Pero siempre por la misma razón, el Evangelio de Juan sitúa el acontecimiento de Pentecostés como culminación del día pascual, el día que para el cuarto Evangelio es el día uno de la nueva creación, cuando Jesús aparece en medio de los suyos y sopla sobre ellos su aliento, el Espíritu Santo. Por eso, en este día volvemos con conciencia al misterio de la Pascua, porque la venida del Espíritu Santo sobre la Iglesia es inseparable de la resurrección de Jesús de entre los muertos. Precisamente en la efusión del Espíritu Santo por parte de Jesús a sus discípulos está, de hecho, el sentido y el término de toda la misión que el Hijo había recibido del Padre. 

Es siempre Lucas quien recuerda a este respecto una palabra de Jesús. Jesús, queriendo resumir su venida de Dios entre nosotros, toda su misión, exclamó: «Yo he venido a traer el fuego a la tierra, y cómo deseo que arda» (Lc 12,49). He aquí el día de la encendida de este fuego, de la venida del Espíritu Santo que hace de los discípulos algo nuevo, los constituye Cuerpo mismo de Cristo, hace de los discípulos el Templo de Dios: ya no son discípulos que siguen a un maestro, ya no son oyentes de un profeta, son miembros de ese Cuerpo glorioso resucitado de entre los muertos que ahora está en Dios y vive para siempre. 

Es precisamente el Espíritu Santo el que está siempre actuando: gracias al Espíritu Santo, el Hijo pudo encarnarse en el seno de la Virgen María, y ahora es precisamente el Espíritu Santo el que, en Pentecostés, vuelve a plasmar el Cuerpo de Cristo, descendiendo sobre los discípulos y convirtiéndolos en miembros del Cuerpo del Señor. 

En Jesús había un verdadero anhelo de dar el Espíritu Santo, había una verdadera impaciencia por poder atraer a todos a sí mismo en el Espíritu Santo para hacerlos su Cuerpo, había una voluntad precisa de cumplir toda la obra que le había sido encomendada por el Padre para consumar ese encuentro nupcial con la humanidad, haciéndola su prometida y su esposa. 

A menudo pienso en este deseo de Jesús, un deseo que dominaba su misión, y lo comparo con nuestra escasa atención al Espíritu Santo, nuestra rara invocación, nuestra apatía, nuestra debilidad. ¿Cómo es posible vivir nuestra relación con el Señor Jesús sin desear ardientemente estar en Él, ser miembros de su Cuerpo? Este es realmente nuestro pecado: queremos seguir al Señor, queremos ser sus discípulos, pero no tenemos una pasión tal que queramos ser carne de su Cuerpo, el Cuerpo del Señor en la historia. Por eso no sabemos decir con eficacia: Jesús es el Señor; no sabemos decir a nadie: «Ho Kýrios estin», «¡Es el Señor!» (Jn 21,7). Cada vez que Él está junto a nosotros, que está en nosotros y nos habla, siendo pobres del Espíritu Santo, no somos capaces ni de reconocerlo ni de señalarlo a los demás. 

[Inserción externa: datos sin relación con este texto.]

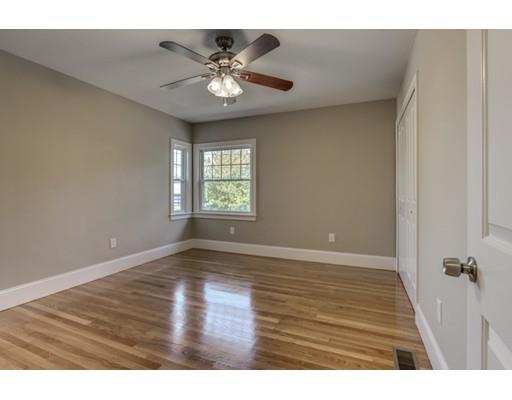55 Leicester Rd, Marblehead, MA 01945 photo 13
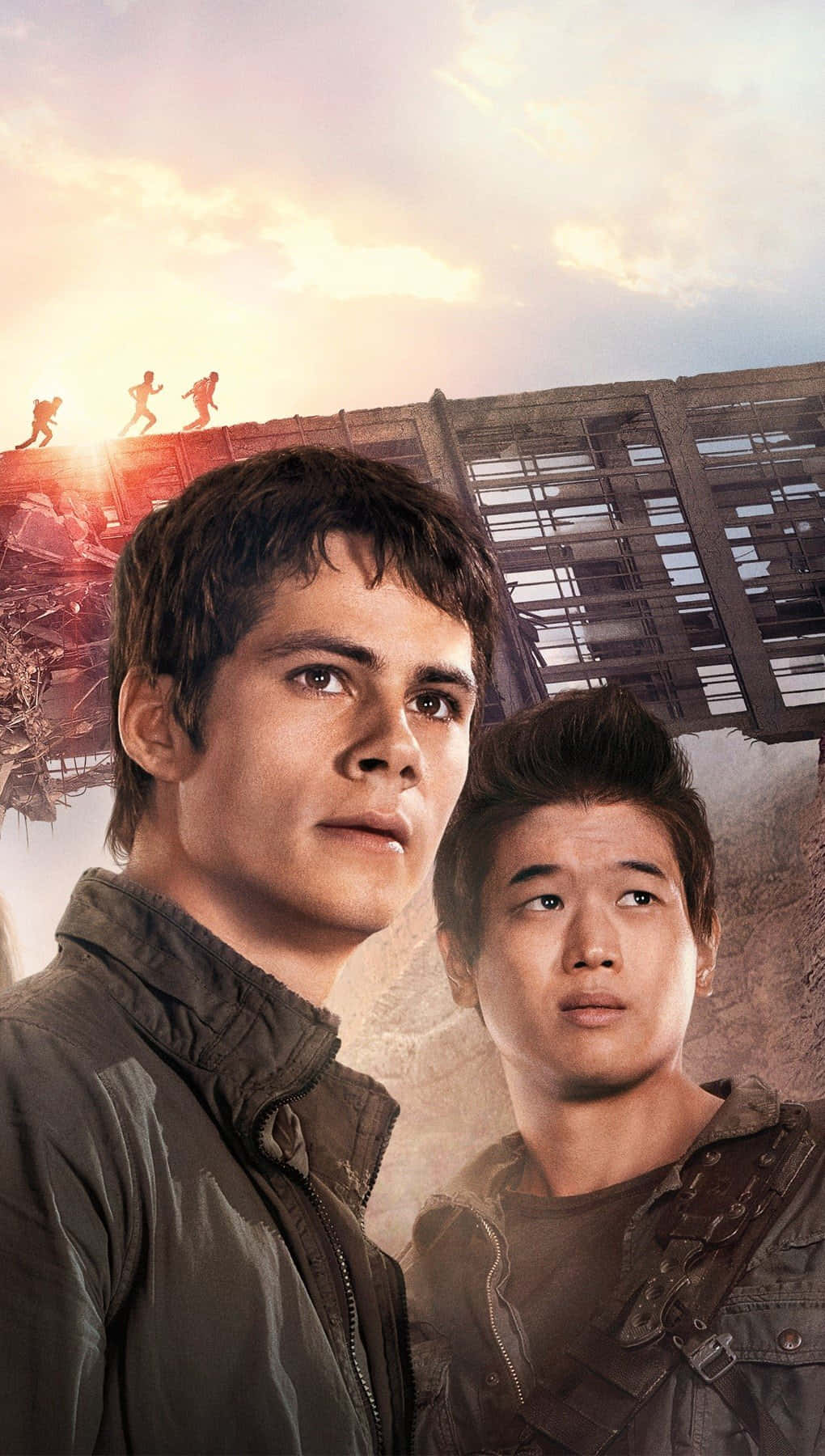兩個穿著外套的年輕男子在日落時站在廢墟建築前，背景中有剪影在奔跑。
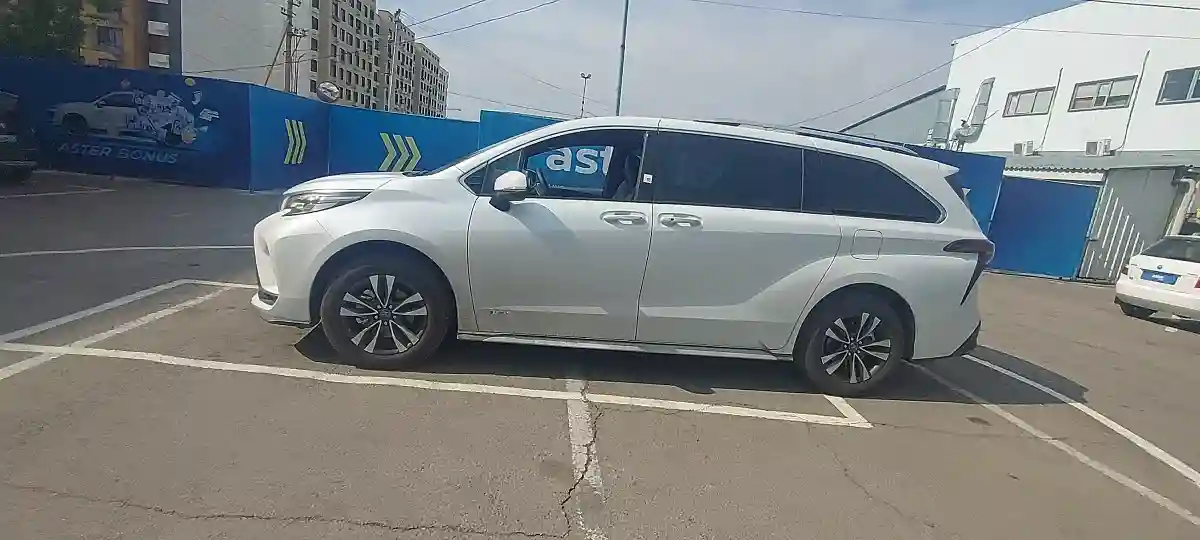 Toyota Sienna 2024 года за 33 000 000 тг. в Алматы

Escuchamos la Carta a los Romanos que atestigua que el Espíritu habita en nosotros; el testimonio de la venida del Espíritu en los Hechos de los Apóstoles; la misión del Espíritu Santo según las palabras de Jesús en el cuarto Evangelio. Son textos muy ricos para poder conocer cada vez mejor el misterio de Pentecostés. Solo quiero detenerme en el relato lucano de Pentecostés, y ni siquiera comentarlo de manera precisa y analítica, sino simplemente destacar dos expresiones, dos palabras que se encuentran en el pasaje de la venida del Espíritu en los Hechos de los Apóstoles (2,1-11). 

En primer lugar, la anotación, que no pretende ser solo una precisión de la situación, una ubicación del acontecimiento de Pentecostés, sino en realidad una anotación que califica la venida del Espíritu: «Cuando se cumplía el día de Pentecostés, los Doce, María y los demás discípulos estaban todos juntos en el mismo lugar». 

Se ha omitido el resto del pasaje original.